- Theatrical release poster
- Directed by: Adam Smoluk
- Written by: Adam Smoluk
- Produced by: Juliette Hagopian
- Starring: James Clayton Ross McMillan Kim Poirier
- Cinematography: Keith Eidse
- Edited by: Ron Wisman
- Music by: Mitch Dorge
- Production company: Julijette Inc.
- Release date: December 9, 2010;
- Running time: 80 minutes
- Country: Canada
- Language: English

= Foodland (film) =

Foodland is a 2010 Canadian comedy film written and directed by Adam Smoluk.

==Synopsis==
The story follows Trevor, a naive grocery clerk, as his life spirals out of control when he inadvertently helps Ian, his inept manager, rob the store. When the money is lifted, they enlist the help of Glen Munn, a slimy, incompetent detective, to retrieve the stolen cash. But events soon go awry and Trevor must now determine friend from foe, and get the cash back before it’s too late.

==Cast==
- James Clayton as Trevor Wolnik
- Ross McMillan as Ian Cullmore
- Kim Poirier as Lucy Eklund
- Stephen Eric McIntyre as Glen Munn
- Aaron Merke as Rick
- Jason Malloy as Anthony
- Nancy Drake as Lesley
- Aaron Hughes as Cliff
- Kate Yacula as Vicki
- Alicia Johnston as Shelly
- Peter Jordan as George Leap
- Doreen Brownstone as Ian's Mother

==Production==
Foodland is a 2010 Canadian film which was filmed in Winnipeg, Manitoba. The script was selected for the National Screen Institute of Canada's Features First Program. The film stars James Clayton, Ross McMillan and Kim Poirier. It had its premiere in Winnipeg on December 9, 2010 and a limited run from January 5, 2011. The film is actor Kim Poirier's first time singing on screen in a feature film. She sings a cover version of the classic song "You Made Me Love You (I Didn't Want to Do It)".

==Release==
Super Channel, Canada’s only national English pay television network, premiered Foodland in October 2011. The network profiled the film in the Super Channel Gems selections. Super Channel Gems are the place for viewers to find different and diverse discoveries "terrific hidden treasures that we’re sure you’re going to love". Foodland premiered on the IFC in March 2014.

==Reception==
Winnipeg's foremost alternative weekly Uptown Magazine compared Foodland to the films of the Coen Brothers for the way its "twisty, often brilliant plotting... seems to want to set records for sheer number of turns: the plot fishtails continuously to the final scene". Beyond that, Uptown also said that "Splendidly written Winnipeg indie comedy Foodland highlights what a good screenplay can do for a film."

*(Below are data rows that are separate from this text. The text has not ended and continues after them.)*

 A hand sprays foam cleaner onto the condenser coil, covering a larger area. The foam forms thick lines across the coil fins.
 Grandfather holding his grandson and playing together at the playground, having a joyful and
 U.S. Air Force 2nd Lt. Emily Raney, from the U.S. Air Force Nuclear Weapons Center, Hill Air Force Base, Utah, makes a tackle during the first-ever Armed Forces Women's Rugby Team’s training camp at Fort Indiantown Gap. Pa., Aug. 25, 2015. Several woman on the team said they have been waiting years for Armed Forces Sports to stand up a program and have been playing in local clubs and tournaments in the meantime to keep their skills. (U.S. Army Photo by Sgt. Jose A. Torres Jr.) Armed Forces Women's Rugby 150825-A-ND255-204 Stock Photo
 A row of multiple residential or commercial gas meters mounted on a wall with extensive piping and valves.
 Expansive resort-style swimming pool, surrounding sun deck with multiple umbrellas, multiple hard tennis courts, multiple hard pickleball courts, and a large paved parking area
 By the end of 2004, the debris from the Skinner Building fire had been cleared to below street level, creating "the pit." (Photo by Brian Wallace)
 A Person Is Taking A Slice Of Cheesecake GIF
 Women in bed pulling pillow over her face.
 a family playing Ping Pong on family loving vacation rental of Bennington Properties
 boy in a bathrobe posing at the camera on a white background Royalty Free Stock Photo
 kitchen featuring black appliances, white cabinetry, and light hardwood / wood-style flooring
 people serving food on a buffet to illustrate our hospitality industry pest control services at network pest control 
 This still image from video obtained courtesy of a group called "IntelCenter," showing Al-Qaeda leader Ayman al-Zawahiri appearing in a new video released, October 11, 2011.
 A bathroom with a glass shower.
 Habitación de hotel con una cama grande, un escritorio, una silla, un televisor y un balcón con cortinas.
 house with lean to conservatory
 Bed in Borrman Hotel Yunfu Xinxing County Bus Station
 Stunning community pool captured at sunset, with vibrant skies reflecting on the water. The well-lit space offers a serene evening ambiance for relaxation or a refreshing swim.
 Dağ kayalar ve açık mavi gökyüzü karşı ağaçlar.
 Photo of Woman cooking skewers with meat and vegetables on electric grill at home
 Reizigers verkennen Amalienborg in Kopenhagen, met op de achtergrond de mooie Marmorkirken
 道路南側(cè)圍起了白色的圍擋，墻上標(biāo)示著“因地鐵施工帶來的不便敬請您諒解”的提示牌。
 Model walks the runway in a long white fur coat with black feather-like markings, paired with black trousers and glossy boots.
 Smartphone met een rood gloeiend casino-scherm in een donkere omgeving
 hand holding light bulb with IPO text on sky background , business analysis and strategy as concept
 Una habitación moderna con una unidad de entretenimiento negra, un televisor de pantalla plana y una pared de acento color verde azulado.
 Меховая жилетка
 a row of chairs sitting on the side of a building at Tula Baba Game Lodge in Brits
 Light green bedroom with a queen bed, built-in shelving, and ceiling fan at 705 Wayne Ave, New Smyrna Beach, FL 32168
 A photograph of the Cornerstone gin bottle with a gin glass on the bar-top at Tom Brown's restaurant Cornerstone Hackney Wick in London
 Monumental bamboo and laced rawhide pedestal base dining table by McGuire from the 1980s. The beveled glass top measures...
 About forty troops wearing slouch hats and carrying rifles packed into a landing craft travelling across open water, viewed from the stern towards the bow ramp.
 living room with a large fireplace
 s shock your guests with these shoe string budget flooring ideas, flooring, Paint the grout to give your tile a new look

An article in the Winnipeg Free Press highlighted the strong performances of the cast, "The particular triumph of Smoluk's film is that the performances are generally in sync with the Winnipeg milieu of the crime caper."

A positive review by the CBC's Alison Gilmor wrote, "In this offbeat crime caper by young local filmmaker... Smoluk is working on a tight budget, but he gets quite a lot out of a little. His cast is crackerjack... and the flat, dead-of-winter Winnipeg setting is weirdly atmospheric."